[Information supplied]:
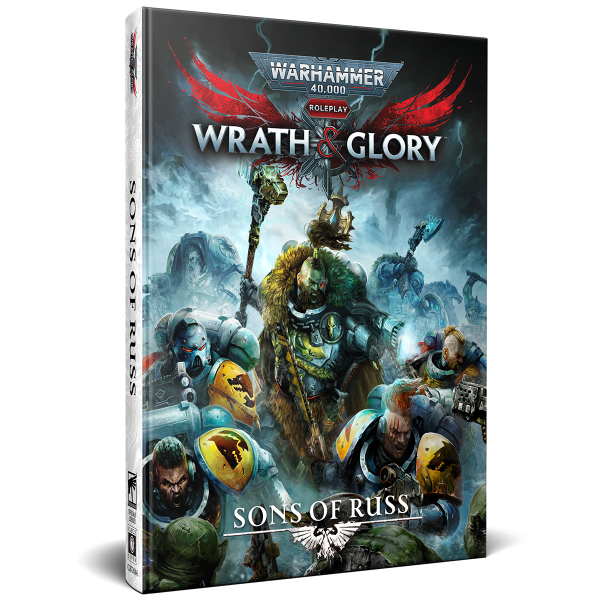 Wrath & Glory - Sons of Russ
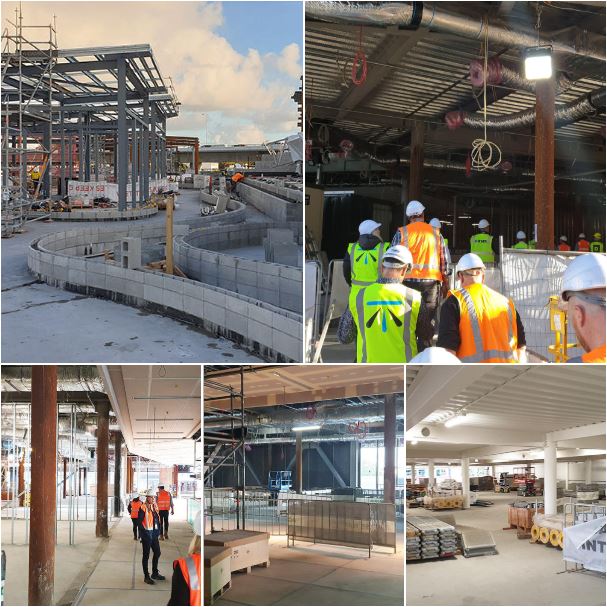 Westfield Newmarket 309 retail fixture and fittings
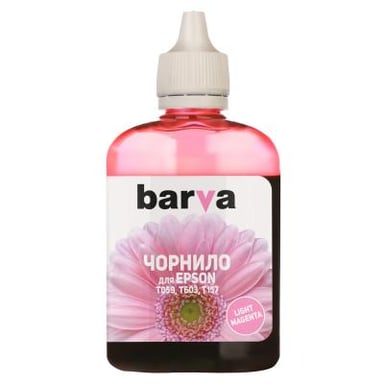 Чорнило Barva Epson E059 100 мл, LMagenta (E059-448) - фото 1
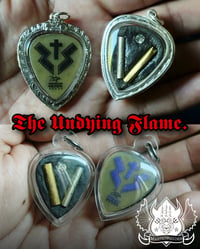 Image 1 of The Undying Flame Amulet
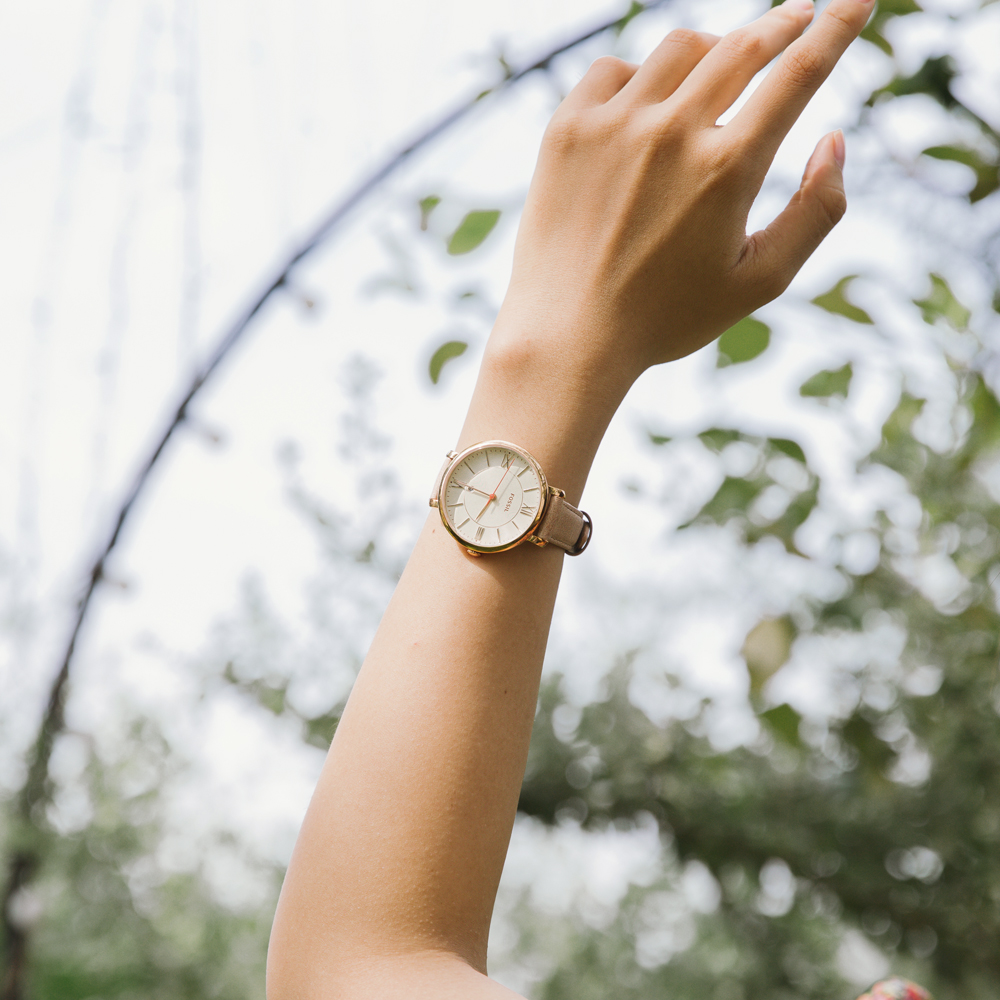 Đồng hồ FOSSIL Carlie 36 mm Nữ ES3487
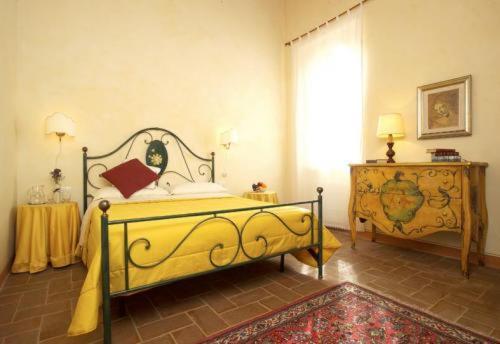 La Locanda Del Borgo Pietralunga  Oda fotoğraf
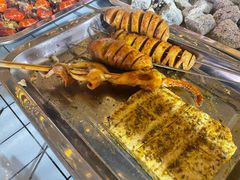 -郑喜旺烧烤(新密总店)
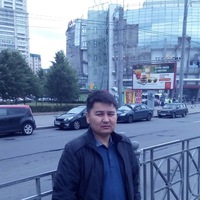 Жениш Касымов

[What to work on]: Your answer must be the lines from the one containing "Image 1 of The Undying Flame Amulet" through the last line of the records, both included, written out exactly and without pictures.

[Response to this exercise]:
 Image 1 of The Undying Flame Amulet
 Đồng hồ FOSSIL Carlie 36 mm Nữ ES3487
 La Locanda Del Borgo Pietralunga  Oda fotoğraf
 -郑喜旺烧烤(新密总店)
 Жениш Касымов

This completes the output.